Initial clinical trials appear to show the vaccine can stimulate the immune system's response to HIV infection.

Zhang Wei, head of the pharmaceutical registration department of the State Food and Drug Administration, told a news briefing that "recipients of the vaccine appeared immune to the HIV-1 virus 15 days after the injection, indicating the vaccine worked well in stimulating immunity."
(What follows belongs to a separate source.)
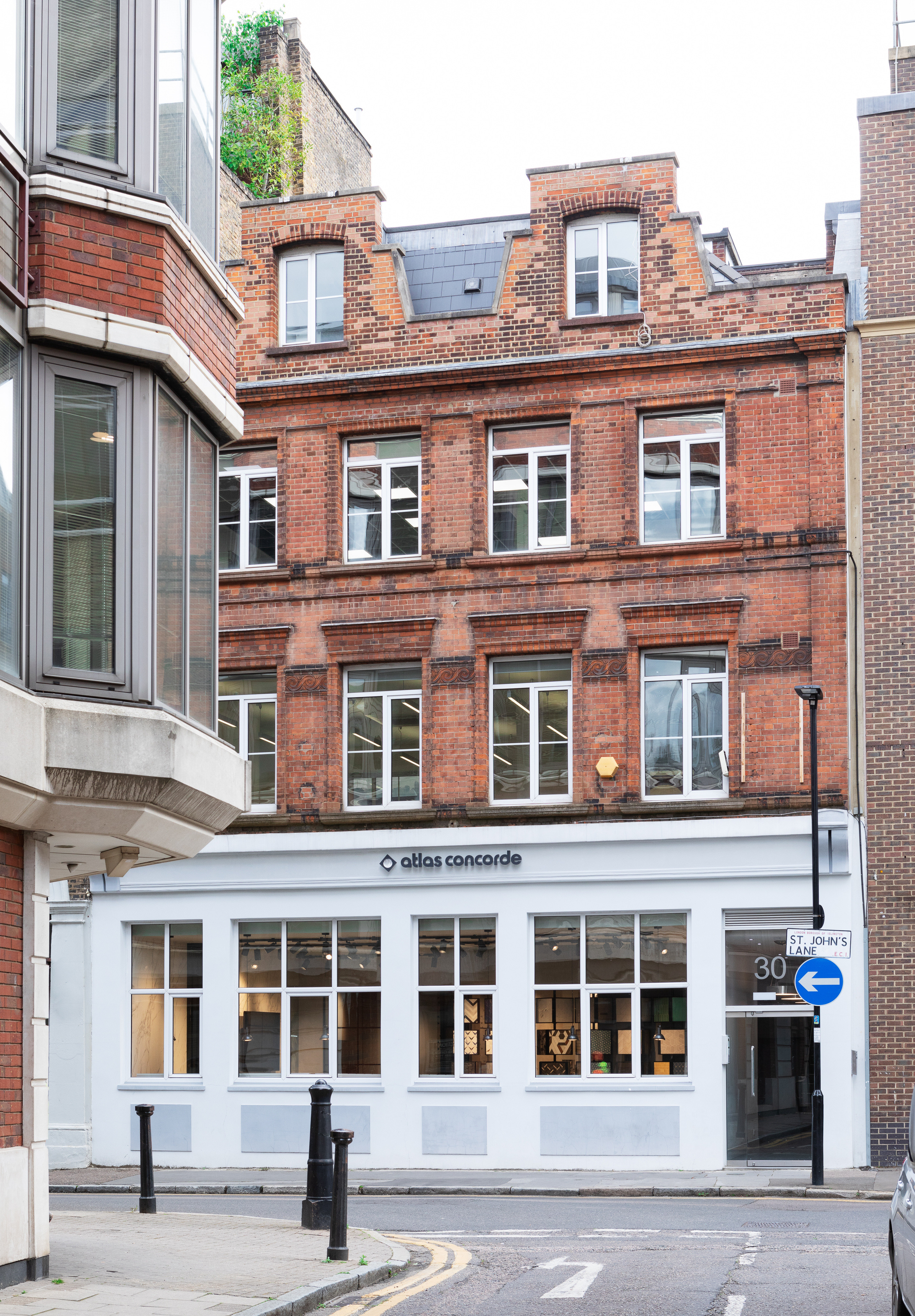 AtlasConcorde LondonStudio (6)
Kong Wei, the research team leader, said the initial results were "truly inspiring."

The test involved injecting 49 healthy men and women, aged 18-50, with the vaccine.

They also received HIV-1 specific cells that were DNA fragments of the virus and so were harmless.

"Quite a few of them, after taking both low and high dosages, showed a fairly positive response of immunity towards the virus," said Kong.

He added that the recipients' reaction improved as the dosage increased.

But Kong, a professor at Jilin University, declined to reveal more details, saying it was too early to draw a hasty conclusion.

Sang Guowei, director of the National Institute for the Control of Pharmaceutical and Biological Products, said "some of the recipients had (adverse) symptoms, but they were curable or ignorable."

The results marked the end of the first phase of clinical trials into the vaccine, which began in March last year in Nanning, capital of the Guangxi Zhuang Autonomous Region.

The trial volunteers were divided into eight groups and were each sampled five to 10 times. They showed no serious adverse reaction to the vaccine during the 180-day observation period.

"We strictly followed international practices during the trial, including the measurement of vaccine dosages," Kong said.

The scientists will now continue analysing the results before further clinical trials.

The ministry said the second trial phase would need more than 300 volunteers, including those from high-risk groups.

In the third phase, an even larger number of participants will be needed.

China started research of its own into an AIDS vaccine in 2003 and has more than 50 researchers involved in the work.

The country has about 650,000 HIV-affected people, including 75,000 AIDS patients, according to official estimates.

In the 10th Five-Year Plan (2001-05), more than 100 million yuan (US$12.5 million) was invested into AIDS-related research, according to Wang Hongguang, director of the China National Center for Biotechnology Development.

Two of the country's 16 key scientific research projects in the 11th Five-Year Plan (2006-10) focus on AIDS treatment and prevention.

Vice-Minister of Science and Technology, Liu Yanhua, said China has made several breakthroughs in AIDS-related studies.

Great progress has also been made in research into preventing mothers transmitting the HIV virus to their unborn children.